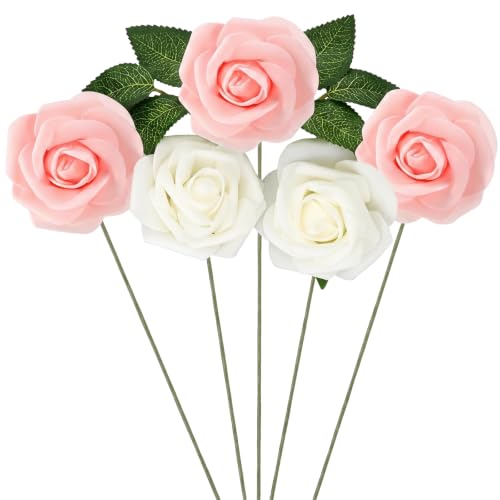 Luinabio 5 Pcs Artificial Rose Flowers, Pink, Champagne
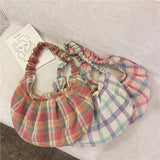 Plaid Hobos Crossbody Bag for Women, Polyester Cotton Handbag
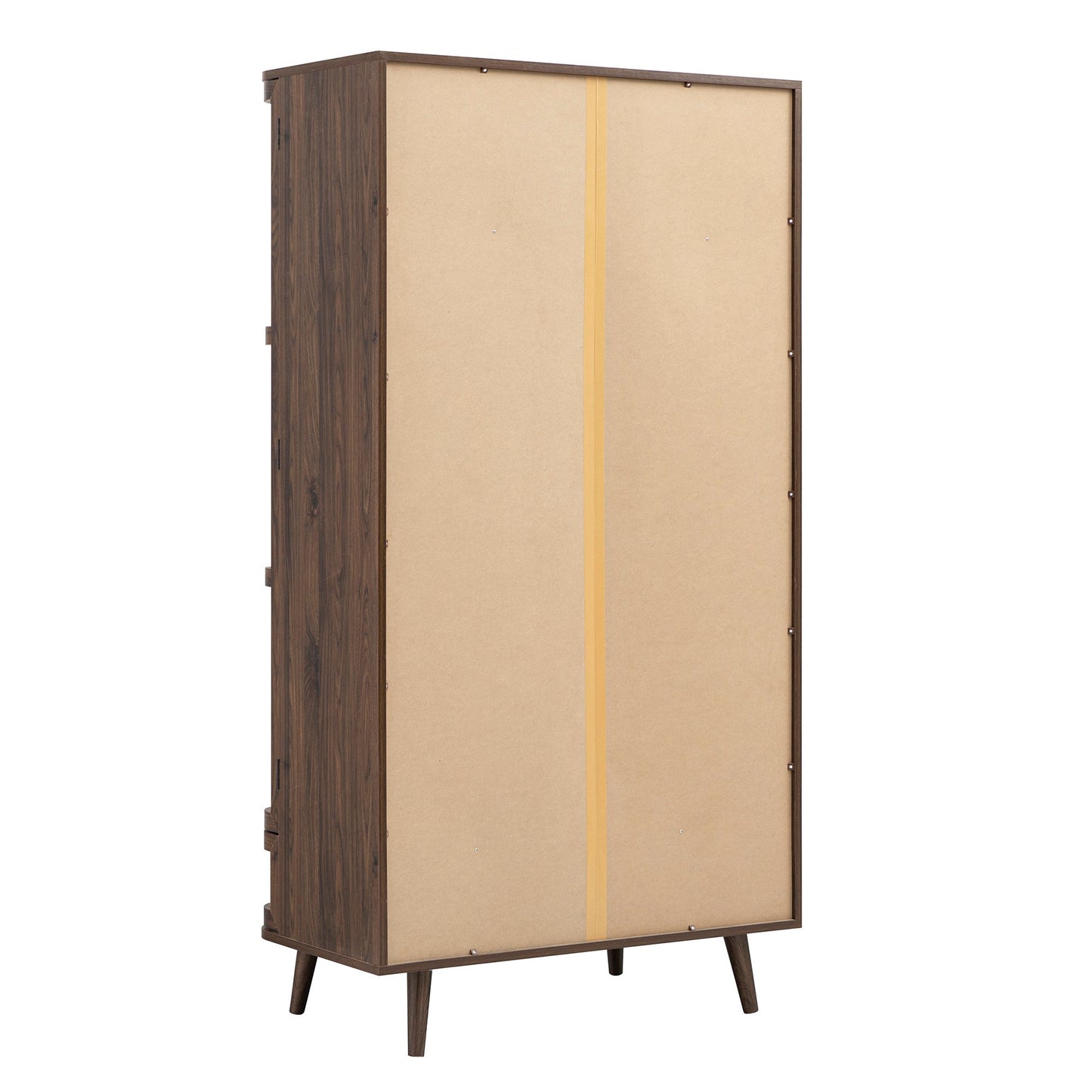 Armoire double courbée en rotin Izzy, noyer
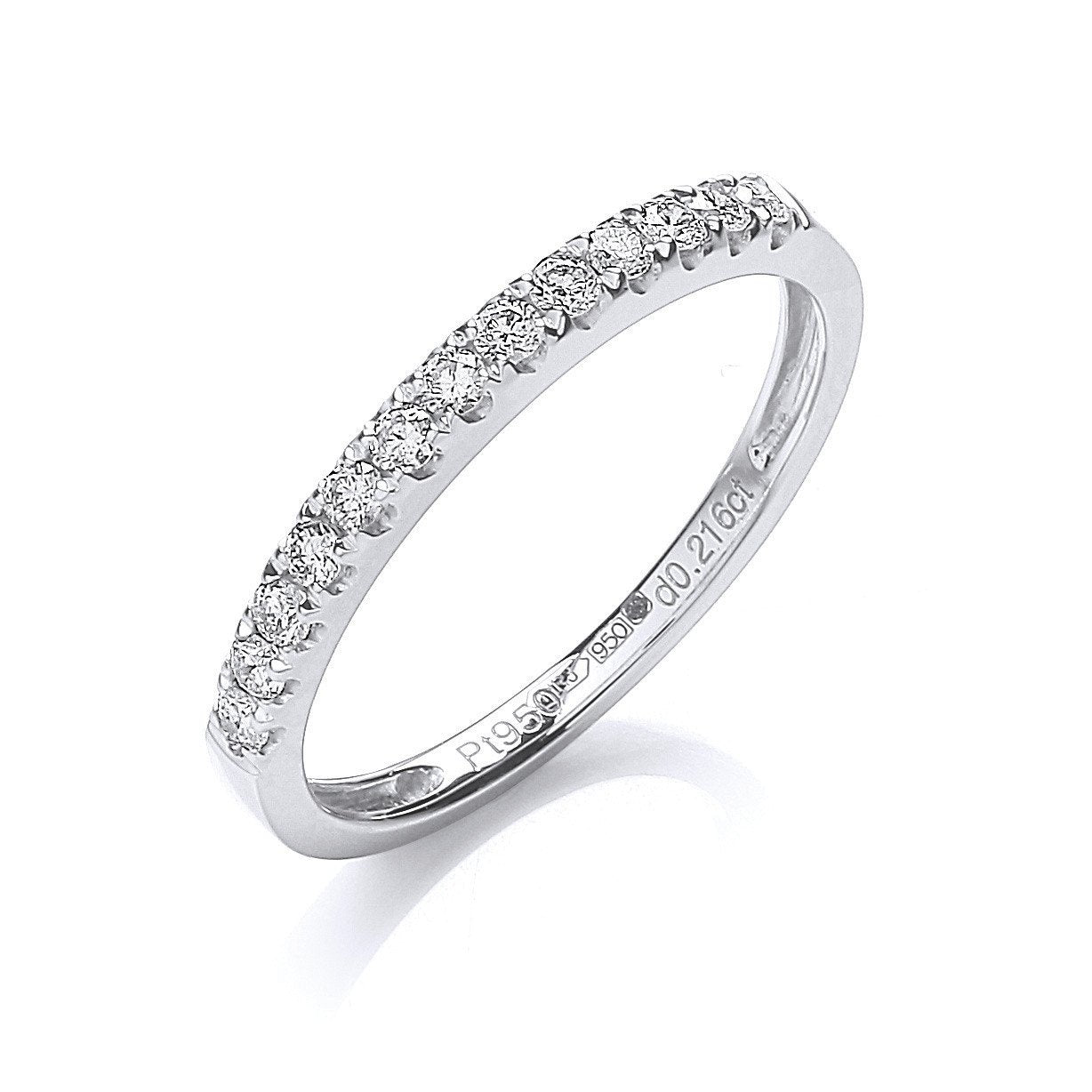 Platinum 0.20ct G/H-SI Half Eternity Diamond Ring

| Task |
Reproduce every line above word for word; no images.

| Result for this exercise |
 Luinabio 5 Pcs Artificial Rose Flowers, Pink, Champagne
 Plaid Hobos Crossbody Bag for Women, Polyester Cotton Handbag
 Armoire double courbée en rotin Izzy, noyer
 Platinum 0.20ct G/H-SI Half Eternity Diamond Ring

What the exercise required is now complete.